In the context of le Carré’s oeuvre one striking feature – and strikingly successful device — of this late novel is its use of intertextuality. Guillam, obliged by the latest, supremely unsympathetic generation of the security services to cooperate or else, spends the best part of 250 pages reading through top secret memos filed half a century ago. The jejune new minders who have hauled Guillam out of francophone retirement require his daily presence at a once and future safe house. They want to know what Windfall was or wasn’t.
But what do we want? To know where the house is. That Victorian pile, complete with security-cleared housekeeper and corporately accounted-for cat, where Guillam turns up to order is located somewhere in central London. Again the cover story is so topographically gripping that it seems to me every reader is ready to risk tailing the untiring professional spy to find out where that house is, in ‘reality’, in upmarket, discreet, low-key London, and thus to feel the elusive unreality of the spy’s life.
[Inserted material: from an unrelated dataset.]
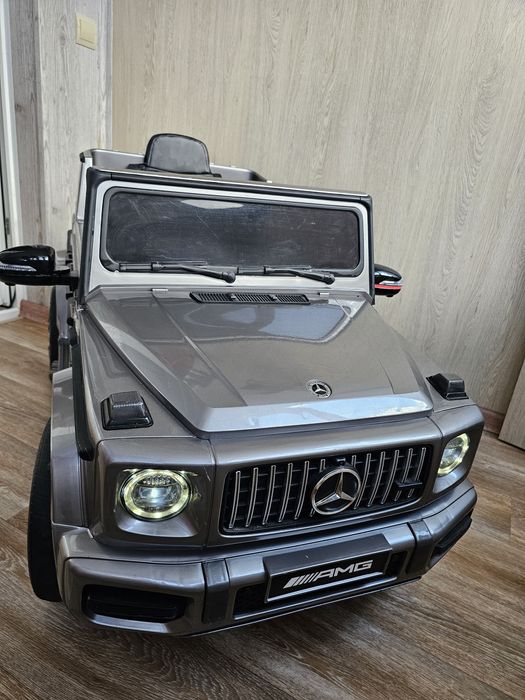 Дитячий елкутромобіль з пультом Mercedes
Wherever it is in the London A-Z it’s hardly a safe place for Guillam, given the sullen distrust of the latest espionage generation towards their grandfathers, and the overt dislike the old men feel for the inhabitants of the garish new headquarters at Vauxhall, on the south bank of the Thames. All the more welcoming then, for the reader, is the bond of trust between Guillam and that austere housekeeper who knows her trade. Having practised it for half a century, she’s a match for the bullies she now serves.
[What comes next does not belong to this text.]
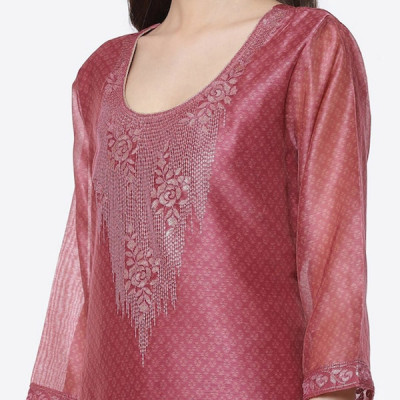 Women Pink & Silver-Toned Unstitched Dress Material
Like many writers, le Carré’s early narrative was sumptuous in the wealth of its description of the places and the people and the institutions that framed his wonderful tales of betrayal. Like most writers, the detail grows less dense in the late work. But that thinning out of the narrative texture shows just what a great writer of fiction he is. Bedevilled at various stages of his career by moderate ill-wishers who wanted to confine him to the achievement of ‘genre writing’, le Carré has deliberately avoided any confrontation with literary prizes, not to be humiliated. I remember a publisher of mine telling me ten years ago that surely le Carré was not of the top category. I should have protested more.
What A Legacy reveals is the trope at the heart of le Carré, and that’s why his work is really worth reading. It’s a trope embedded in the most ancient of stories, as when Theseus leads Ariadne out of the Maze, rescuing her from the Minataur by trailing behind him a piece of string. Couple that then with the passion of Theseus as Ariadne’s lover. The transformation, the almost Nietzschean transvaluation of all values,that Guillam and ‘Tulip’ undergo in their single night together is so intense, that, despite less than half a page of description, it is the novel’s key passage.
Supposing you believed in love and trust, and found, as you entered your final years, that your life had been devoted to betraying them. You might reach for your writerly gift one more time, to spell it out: the problem of belonging, and identity, and of the Establishment, and of the group within a group, set in a political context dependent on the rhetoric of freedom and justice, in which you have to go on believing, although life to date hasn’t exactly shown them to be flourishing, even on the better side in the Cold War.
That I suspect is le Carré’s private legacy, along with a deep, deep knowledge of what made grey, remote and mysterious East Germany tick. It was never Russia he knew, but, as a linguist, and a secret commentator and connoisseur, the GDR.